# Watson Drive haunt-2015



## tjc67 (Jul 28, 2013)

Still haven't come up with a cool name for our haunt yet. Strong winds during the day caused us to leave a bunch of stuff out (my big column anchoring the fence at the end of the driveway attempted to fly) so of course the wind died right as ToT started.
Halloween Haunt Slideshow by firefighter_raven | Photobucket


----------



## bobzilla (Nov 13, 2008)

Oh wow, nice haunt!


----------



## IMU (Apr 8, 2009)

Very nice indeed.


----------



## matrixmom (Aug 20, 2011)

looking good.....any night shots?


----------



## tjc67 (Jul 28, 2013)

Just the couple that are in there. I'd planned to get some video later but back pain nixed that idea.


----------



## RoxyBlue (Oct 6, 2008)

Hey, isn't using a rope to help someone reach the basketball hoop cheating?

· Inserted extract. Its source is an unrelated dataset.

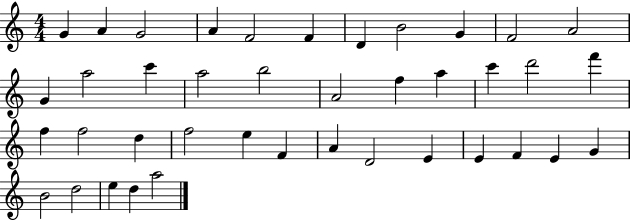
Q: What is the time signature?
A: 4/4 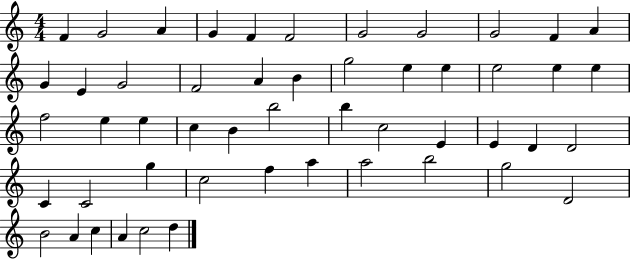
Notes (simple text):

F4/q G4/h A4/q G4/q F4/q F4/h G4/h G4/h G4/h F4/q A4/q G4/q E4/q G4/h F4/h A4/q B4/q G5/h E5/q E5/q E5/h E5/q E5/q F5/h E5/q E5/q C5/q B4/q B5/h B5/q C5/h E4/q E4/q D4/q D4/h C4/q C4/h G5/q C5/h F5/q A5/q A5/h B5/h G5/h D4/h B4/h A4/q C5/q A4/q C5/h D5/q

I don't know if you did it on purpose, but the yard where the tombstones are has a really nice scruffy look that makes the area look like a long forgotten cemetery.


----------



## tjc67 (Jul 28, 2013)

I wish it was on purpose lol. It's mostly a mix of living in a high desert area without in ground sprinklers and physical limitations keeping me from spending the time I used to on maintenance. 
I'm happy with how the skeletons turned out since it was a last minute idea. And the one holding the rope that looks like he is laughing was unintentional, the jaw was loose but I really liked how it looked.


----------



## Beadchaser (Nov 2, 2015)

Love the wood boxes between the fence- are they storage containers or ??


----------



## tjc67 (Jul 28, 2013)

Right now they are just columns but I'm hoping to redo them (tried saving money by using the thinner plywood and just not holding up) and I plan on making them able to store stuff like the smaller columns.
I'd also like to replace the corner driveway columns with ones big enough for a drop scare or something similar.

I do need to figure out a better lighting setup since one of the lights pretty much drowned out the rotating spider light that added this year.


----------